By the time we went to Mississippi in 1967, the power structure was dismantling that system. They didn’t need the labor anymore. They had mechanical pickers of the cotton, and they had herbicides to thin out the boll weevils. The minimum wage had come in for big farms, so comparatively the workers had become more expensive for them. And it was a time when they wanted to push as many African-Americans out of the state as they could because they foresaw that a black majority could politically take over the state.

That’s what we walked into in 1967. There were all of these two parent families pushed off of the land and had no livelihood at all. That was the new status quo. They couldn’t get welfare because welfare was only available for single-parent households. And they couldn’t get food stamps, which were only a demonstration program at that time, unless they had money. Even if they had no income, they had to pay $2 per person in the family each month for food stamps, which they couldn’t afford. The result was that these families that were utterly without recourse. So we saw children who had swollen bellies and sores that would not heal.

That was the situation in Mississippi. It turned out there were comparable problems elsewhere – in Appalachia, South Carolina, Texas, and more, cutting across racial lines as well. Over a period of years after that, food stamps became a national program, following on strong advocacy and public concern that there should be hunger of that magnitude in the United States. And they are an enormous public policy success today.

So, things are better nationally compared to the severe malnutrition we found in 1967. But given that there was reason to hope for more improvement in Mississippi because of the increase in black political power and the end of overt terror-backed discrimination, the degree of poverty that one sees in the Mississippi delta today is deeply troubling. The agricultural economies of the south have deteriorated, and those who stayed behind are in just really bad shape.

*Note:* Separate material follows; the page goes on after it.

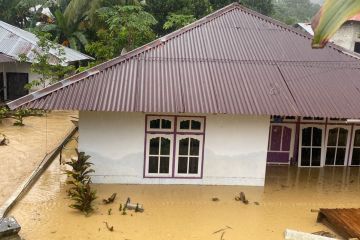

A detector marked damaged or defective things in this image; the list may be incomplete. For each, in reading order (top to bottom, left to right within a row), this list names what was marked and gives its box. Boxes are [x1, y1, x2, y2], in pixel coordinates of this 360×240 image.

rusty red roof [7, 2, 360, 117]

KD: Given the deep political disenfranchisement of the populations disproportionately affected by poverty–single mothers, blacks, latinos, youth–can it be expected that impoverished people can achieve any political voice or power? How?

PE: I think that a major challenge is to reach people who are economically living one notch above poverty and are struggling with low wage jobs to get them to see that they are being taken advantage of. Right now, they are either apathetic and can’t see how things can change. They seem to see their situation as their own fault, or they believe – contrary to the evidence – that their children will have better conditions, and therefore don’t question the way things are. Over the past four decades African American children who were born into middle-income families have ended up slipping in big numbers down to the bottom fifth. So, it is really important to convince voters whose income is between the poverty line and twice the poverty line that they should vote for candidates who would do something about this. And the discourse should be about everybody in the bottom half. I think in short that we need to get more of the people who are affected by the overall structure of the economy to see that it is in their interest to vote for candidates who would do something to narrow inequality. That, in turn, is our best hope to create a new politics.

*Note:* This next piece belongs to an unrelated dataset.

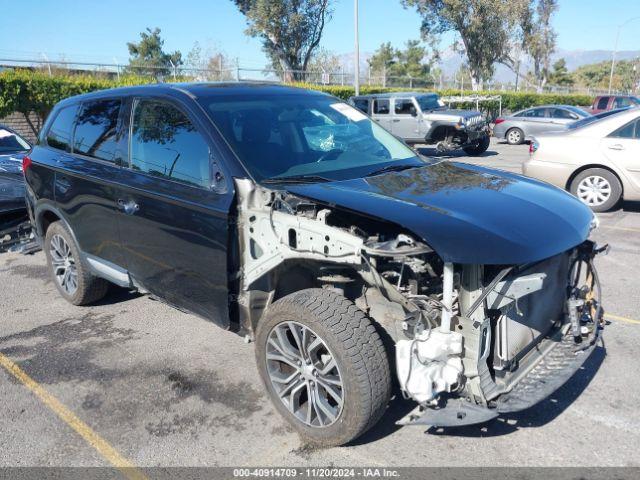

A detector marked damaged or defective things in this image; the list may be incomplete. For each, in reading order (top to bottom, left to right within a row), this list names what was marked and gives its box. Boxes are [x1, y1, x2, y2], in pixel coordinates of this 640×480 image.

There is a second point here. I think that it really isn’t in the interest of people of the top to leave such a large part of the country in such a difficult position. In the longer run, it endangers our democracy. It’s in the self-interests of business to have people as consumers with more income. There is a question of sheer morality to all of this, but the people at the top should also see that maintaining the disparities as they are is not in their self-interest. But the largest point is to change the mindset of people who vote against their own self-interests for people who are dead set against tax increases and narrowing inequality.

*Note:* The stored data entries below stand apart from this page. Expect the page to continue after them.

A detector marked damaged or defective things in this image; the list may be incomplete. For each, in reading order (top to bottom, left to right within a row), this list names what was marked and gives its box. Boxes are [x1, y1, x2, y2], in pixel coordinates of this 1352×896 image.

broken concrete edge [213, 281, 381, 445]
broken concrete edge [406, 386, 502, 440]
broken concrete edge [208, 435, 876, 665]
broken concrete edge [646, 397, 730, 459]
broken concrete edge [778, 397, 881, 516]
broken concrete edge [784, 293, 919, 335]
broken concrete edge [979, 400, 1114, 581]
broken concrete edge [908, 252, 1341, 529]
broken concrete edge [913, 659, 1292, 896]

KD: Why do you think that is? Can’t those with top incomes and big businesses see that such inequality is bad for the country, or at the very least, bad for business? Do they not see that this is bad for their own self-interest?

PE: The corporate world is extremely short-term minded. It’s about the annual report. It’s about the quarterly report. They just don’t think in terms of how they would be better off five and ten years down the road if they calculated things differently. And their unwillingness to pay more in taxes means that they are against any spending that would cause them to have to pay more taxes.

KD: Do you think that there are people who supported the welfare reform legislation in the 90′s who now have a different view, given how unresponsive, for instance, TANF has been during the recession?

PE: I don’t see a lot of people like that. The Democrats who voted for the 1996 bill because Clinton’s position had left them out on a limb – in particular, some of the suburban Democrats who were scared of the alleged anger against welfare – acquired a stake in pronouncing the program a success regardless of the facts. They and their successors inherited this attitude, and it seems to be very hard for them to move away from their position. They cite old numbers. They continue to argue that women who used to be on welfare are working when that it is increasingly not true. In 1996, 49% of single women with children were working. That went up to 64% by 2000, which is undeniably good, although many of those who left welfare couldn’t find work and only some of those who found jobs got out of poverty. But the number who are working is now back down to 54% after the Bush years. That fact isn’t in the discourse. They have a fictional view that the “successes” are still what they were in 2000 and they just aren’t.

KD: And finally, we worked together on a 2009 study, Battered By The Storm, examining the responsiveness of the safety net to growing poverty. In that, you had a chapter “Principles for a More Effective Approach to End Poverty.” Would you say that your new book still embraces these approaches? Is there any hope of achieving some of these goals in the upcoming decade?

PE: I think that we didn’t say anything about wage theft in that list of principles. Wage theft is enough of a problem that even in a short summary agenda, it should be mentioned. But, the basics of the income side are basically what we said there. They haven’t changed. Perhaps we should said even more about reforming the criminal justice system. It is such a big factor in causing and perpetuating poverty. The vicious interaction between awful schools in poor neighborhoods and the readiness of the criminal justice system to pounce on young people who stray is making it impossible for young men and women who spend time in prison to ever get out of poverty because they have such problems that come from being labelled as an ex-offender.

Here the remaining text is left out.